One of the central themes of the book isn’t just the particulars of love, or mental illness, or adolescence itself, but rather that so much of what we have to deal with in life isn’t of our choosing, and, in fact, the circumstances we’re faced with have their origins literal generations into the past. For Logan that is expressed by the Bleh, Annalise’s name for depression, anxiety, and a host of other mental health issues, but it goes far deeper than a whimsical name. Logan is the son of a severely depressed mom, who was herself the daughter of a severely mentally ill mom, who earned her Bleh from a crazy dad who lost his mind at the turn of the century. Now if that isn’t some cosmic bullshit, I certainly don’t know what is, but it doesn’t matter, does it?
What I wanted to capture in the story, and in many ways what I lived myself, is that we’re often the recipients of change that we don’t want, and, as Diaz so perfectly captures, it’s those very things that alter the course of our lives for good or for bad. It’s Logan’s lot in life to deal with the ramifications of his parent’s divorce, which is described in detail in chapter 4. Part of the reason I wanted to tell the story from the perspective of someone who was the age I was when much of that happened in my own life was because teens, maybe more than any other age group, are subject to changes outside of their control that impact their lives. And, unlike small children, they’re mostly cognizant of those forces acting upon them, and aware of the ramifications they can cause. College decisions, parent’s decisions, the decisions of boyfriends or girlfriends - all of these external things can control our fate, determine the next step in our life’s journey, and ultimately shift the entire course of where we’re headed. Logan has a few of these in the book, some of which I’ve already mentioned, but then again, so does Annalise.
We never get to see Annalise on her own terms, and that was by design. It’s the side effect of first person writing, and something that I chose very much on purpose in Away From Here - namely that we get to see all the characters through one character’s eyes. We don’t get to hear Logan’s mom’s interpretation of events, or Pete’s take on the Comic Con thing, and most glaringly perhaps, we never get to hear Anna’s side of the story. To tell you the truth, I’d love to hear it. I’d love to hear how she really felt about the dad who she never knew, or about the drama with her own mother, or about her struggles with her mental health, but we don’t get to have those conversations. But even on the terms we get her in the book, namely Logan’s, Anna’s life has been a series of changes that changed everything, none of which were in her control. She’s the middle daughter of a Peruvian immigrant, has two half siblings, one of whom she fights with and other of whom she’s a second mother to, and she lives in a poor neighborhood in a small apartment that shouldn’t fit so many people. She didn’t choose to never know her dad, or have her mom move from a more prosperous area in Peru to a small apartment in the United States, or to live in poverty, or even to meet Logan. All of those things happened, and she navigates that life with the only tools at her disposal, however rudimentary and screwed up they may be.
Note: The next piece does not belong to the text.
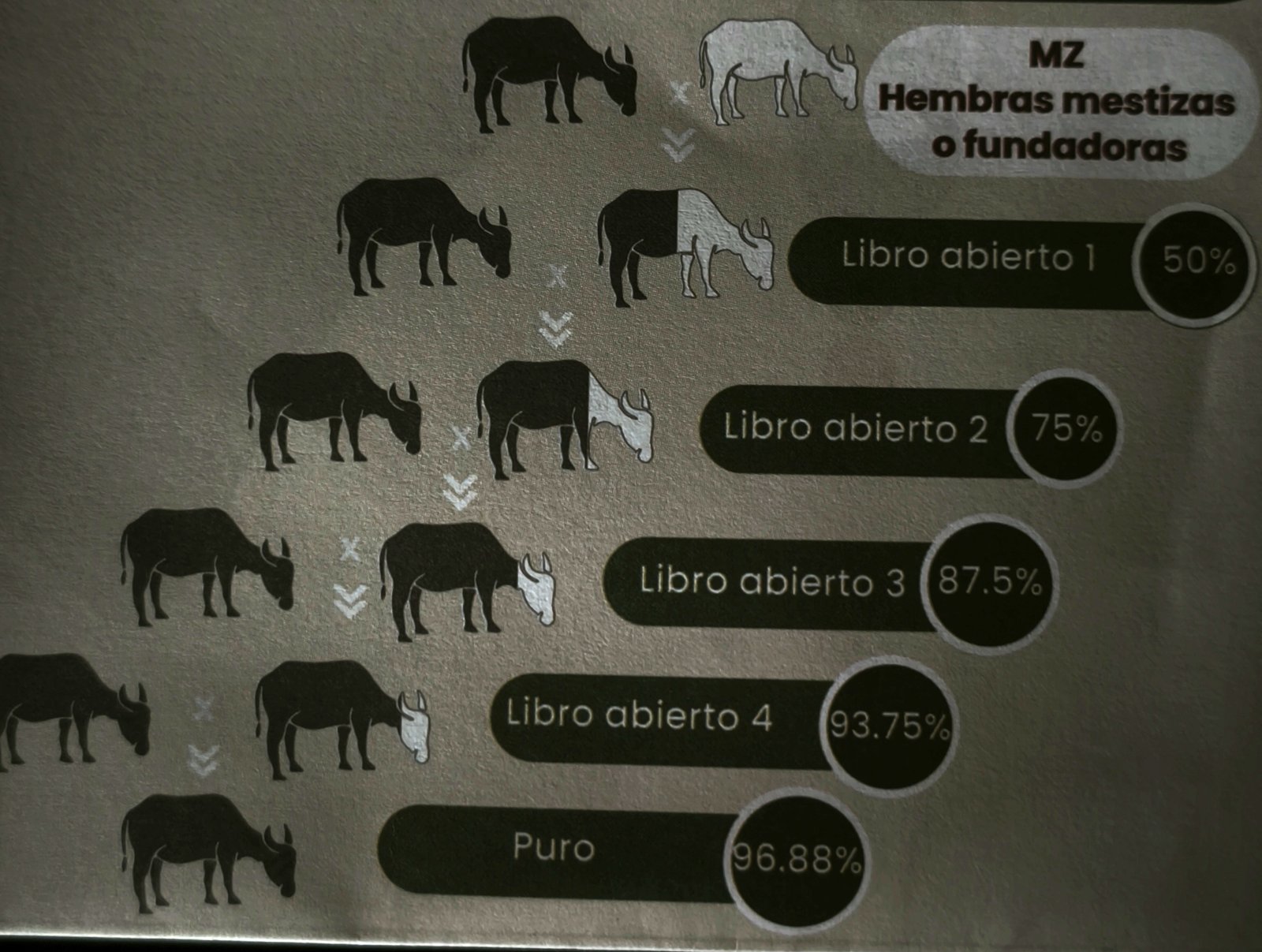 Pasos para absorber a una raza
The takeaway here is this: this isn’t a story about a bunch of people who are victims to an unknowable universe. It’s a story about people like all of us - flawed, complex, and very human characters who, despite the changes that change everything, try to find a way to live - not survive, as Annalise says, but to live, despite their shortcomings, and using the best tools at their disposal. It’s what we all do. It’s all we can do. But ultimately it isn’t the ‘what’ of the story, but the ‘hows’ and ‘whys’ that separate these characters that I love so much: how do they navigate their lives, why do they make the decisions that they make, and where does that lead them in the end, and beyond. And yes, there is a beyond past the closing pages of the book. For some, it’s right where we left them, living Here as best they can. And for others, it’s a place Away From Here that holds the keys to the future.